* [PROBLEM TO SOLVE] Skip the pictures. Output only the lines below starting at the line with "The Samsung Galaxy" and ending at the line with "Then rabbika —", both ends included, exactly as they are.

● ● ● ● ● ● ●

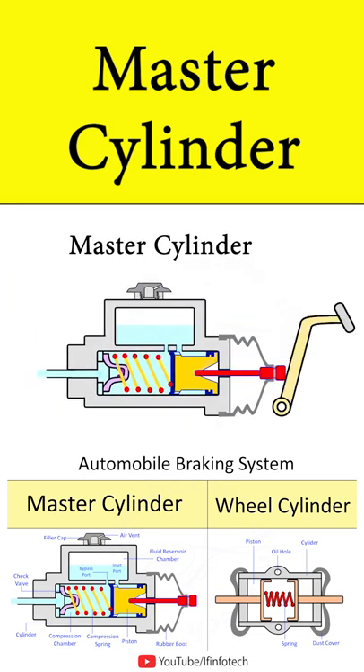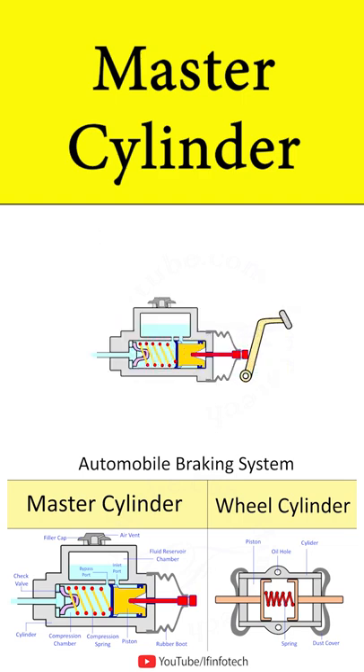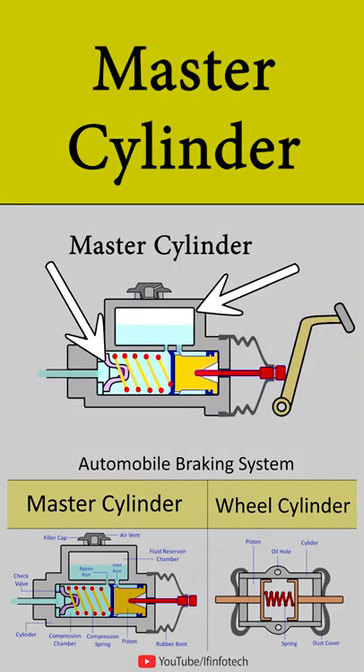The master cylinder is a device that provides the required amount of pressure to the final braking components. In the master cylinder, there are two chambers, i.e. the fluid reservoir chamber and the compression chamber.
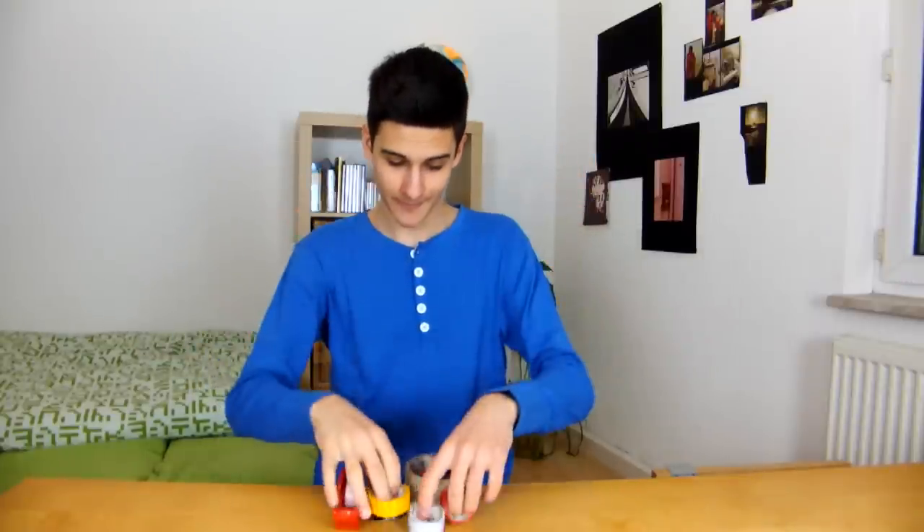Hi, my name is Mo and I'm German, and today I'm going to tell you how to make a do-it-yourself selfie pole. You will need some tape, a pair of scissors, some sticks, a phone case, and of course a phone. Let's get started.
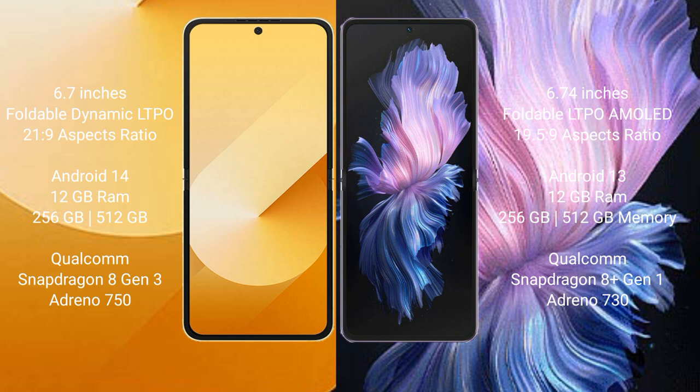The Samsung Galaxy Z Flip 6 runs on the Android 14 operating system, while the Vivo X Flip runs on the Android 13 operating system.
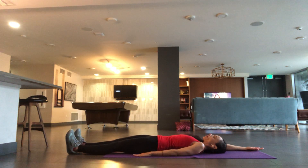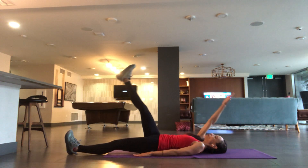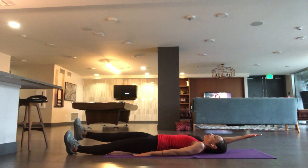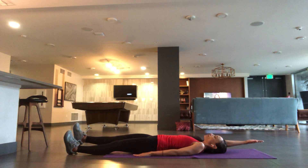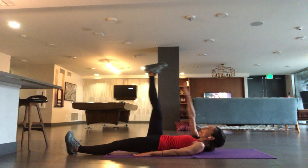What you're going to do is bring the right arm up, and at the same time bring the right leg up. You don't have to touch. Come down. Your limbs don't touch the ground. If it feels comfortable, you can bring your head up at the same time.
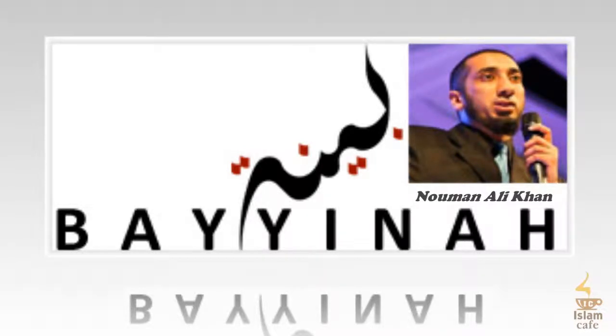Then rabbika — your master, referring to the messenger. The word rabb encompasses: the one who is in charge and in control, the one who gives gifts. The word rabb is important here because the messenger has been given victory. But now he's being told immediately: now that you have victory, who's in charge? Your Rabb — remember him. SubhanAllah, it's perfectly placed here.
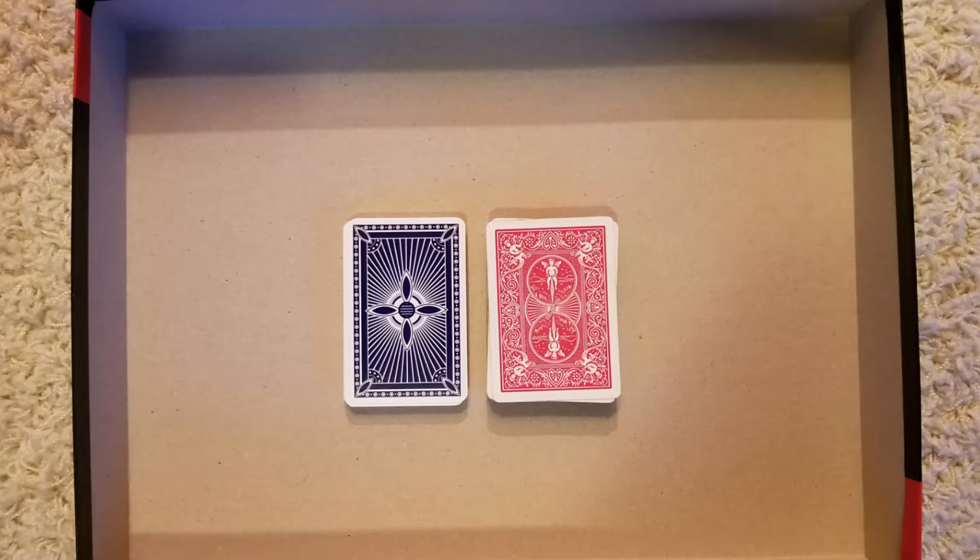I have two decks of cards to show the differences between them. The smaller deck is from Germany and is relatively new, like less than two years old — I removed the packaging today. The larger one is from the United States and I opened it about 10 years ago, so there is some wear and tear on them.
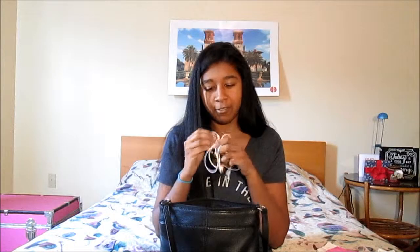Definitely a must for like anywhere, ever. Definitely a must. Headphones are always a must.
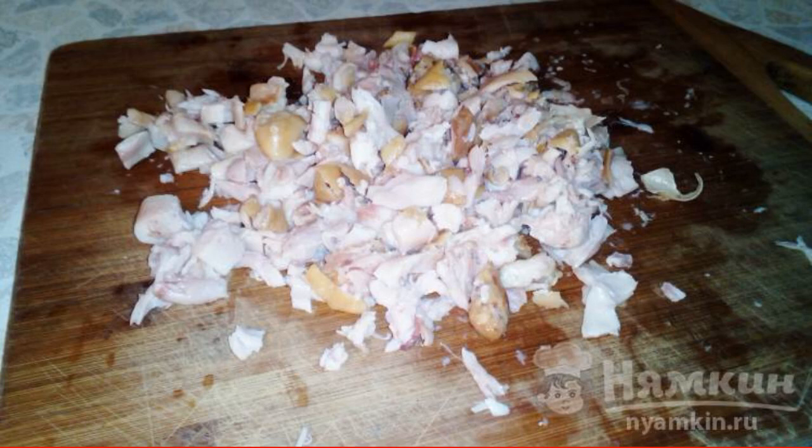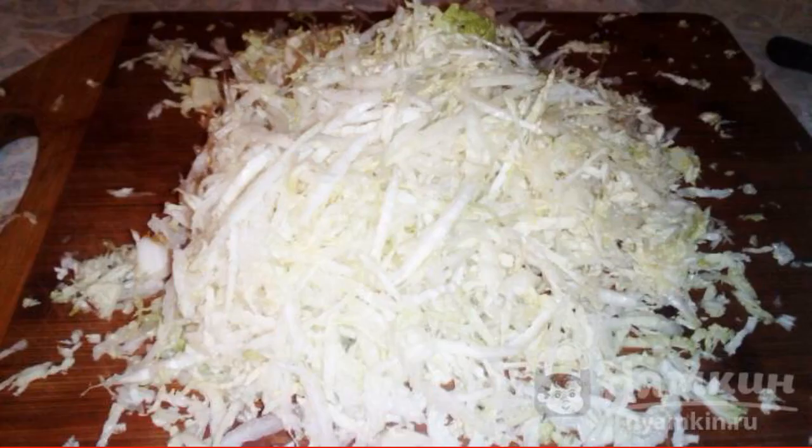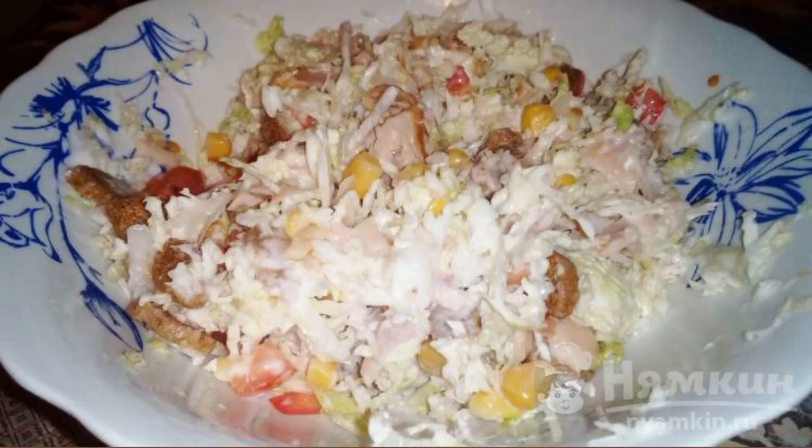The ham is separated from the bones and cut into pieces. Add corn. We cut the tomato and send it to the rest of the products. Chop the cabbage and add it to the salad. Before serving, add the crackers. Season with mayonnaise and mix well. Enjoy your meal.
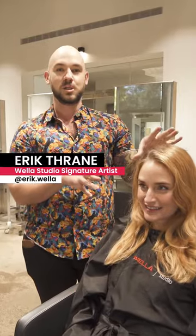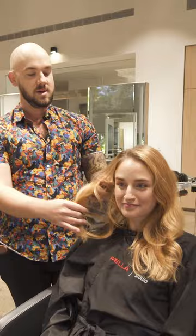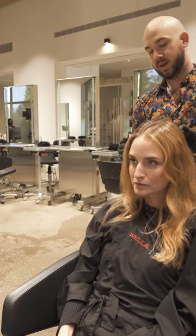We're going to do a big transformation. Bree's been red, she's been blonde. You can see right now she has some pre-existing highlights — she kind of has a lot going on, to be honest. I'm going to start off by doing a little bit of a root shadow.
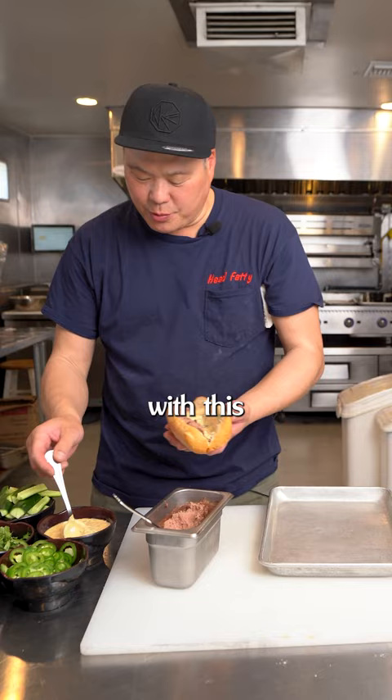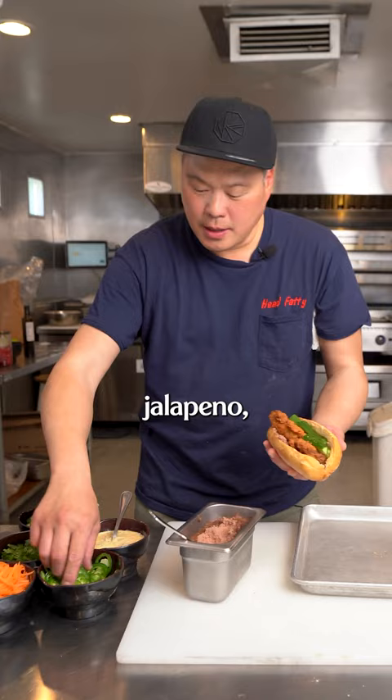I like my sandwiches saucy, especially with this fried chicken. We're gonna go ahead and put a couple pieces in. Cucumber, jalapeño, carrots, and cilantro.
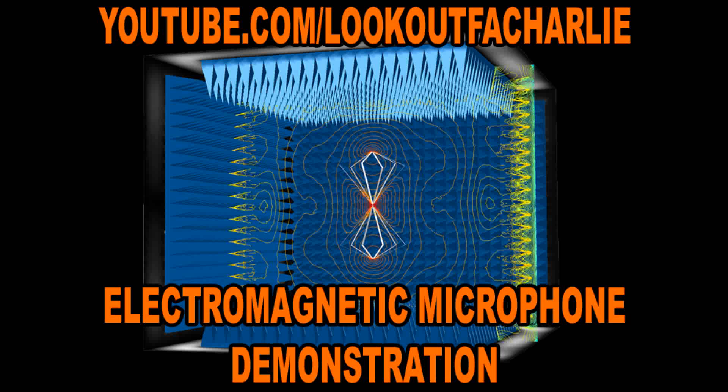So let's get right to it. This is the first demonstration of my electromagnetic microphone. It's about a minute-long clip. Here we go.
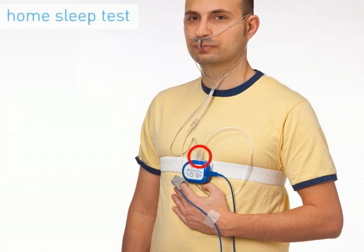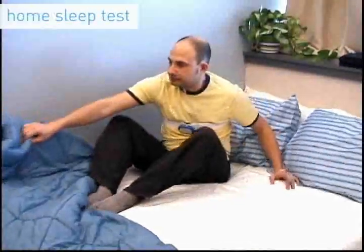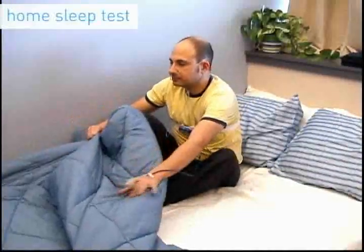The cannula connector is twisted into the SleepView. The patient's finger is placed in the Pulse Ox sensor. The SleepView is programmed by your physician to automatically start recording at the normal time you go to sleep, and turn off at the normal time you wake up. The entire hookup for the home sleep test takes a few minutes, and the patient sleeps in the privacy and comfort of his own bed.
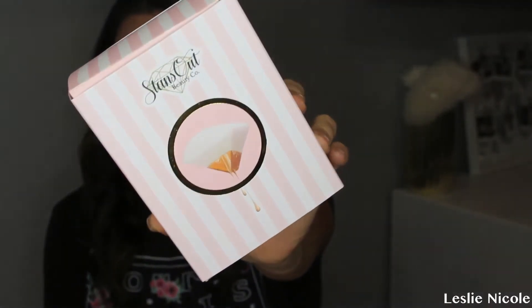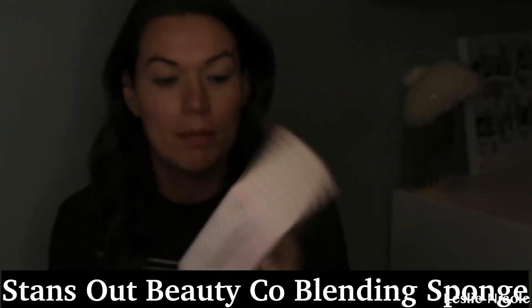Hi guys! So yeah, as per the intro, we are doing this bad boy right here. It is called the Stanzo Beauty Co Makeup Blending Sponge. It says this is a multi-functional blending tool designed to apply a streak-free airbrush finish to your complexion. I am really excited to try this out and let you guys know. We're just doing our face today. Stanzo Beauty Sponge is $20 — I believe this is an American product.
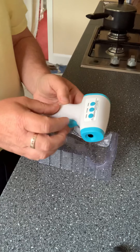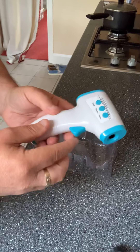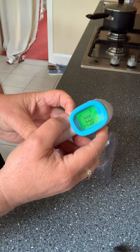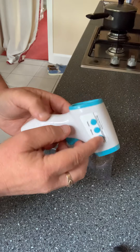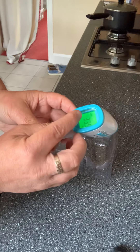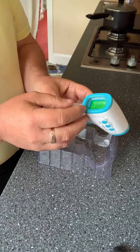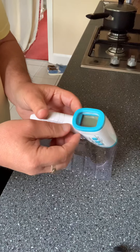There are three buttons. The main switch turns it on, and it allows you to toggle between Fahrenheit and centigrade. Then there's a setting for surface or body mode. The body mode has a coloured LED so that if the temperature goes too high — indicating a fever — it will turn red.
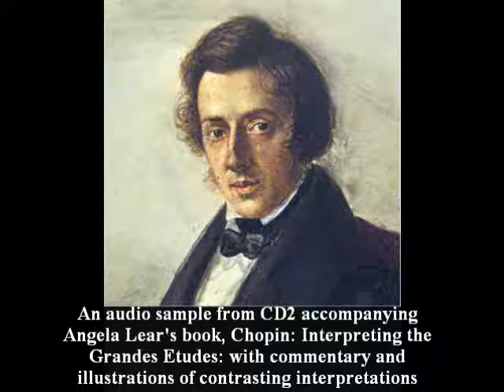The closing flourish of fortissimo double-octave triplets should be played a tempo and unpedalled staccato. No slowing down or change of pace is indicated.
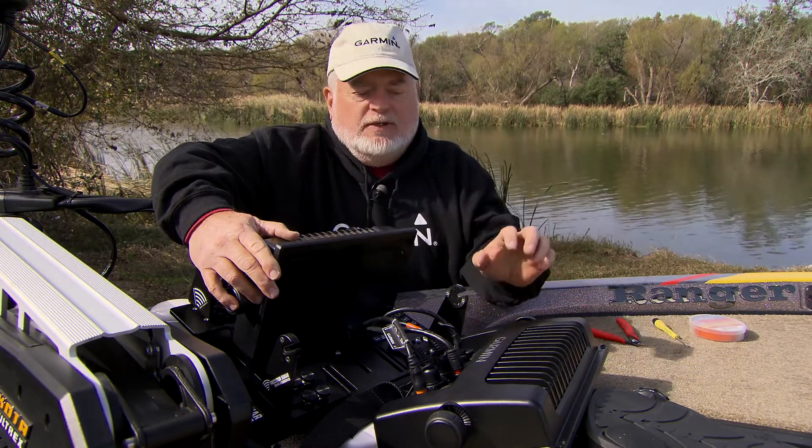I'm going to show you a couple of things on a brand new Ranger boat this morning. We've got a 7610 at the front for panoptics, a 7612 for its traditional sonar, its side, and its clear view.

● ● ● ● ● ● ●

* [WORKED SOLUTION]
The Samsung Galaxy Z Flip 6 runs on the Android 14 operating system, while the Vivo X Flip runs on the Android 13 operating system.
What you're going to do is bring the right arm up, and at the same time bring the right leg up. You don't have to touch. Come down. Your limbs don't touch the ground. If it feels comfortable, you can bring your head up at the same time.
Then rabbika — your master, referring to the messenger. The word rabb encompasses: the one who is in charge and in control, the one who gives gifts. The word rabb is important here because the messenger has been given victory. But now he's being told immediately: now that you have victory, who's in charge? Your Rabb — remember him. SubhanAllah, it's perfectly placed here.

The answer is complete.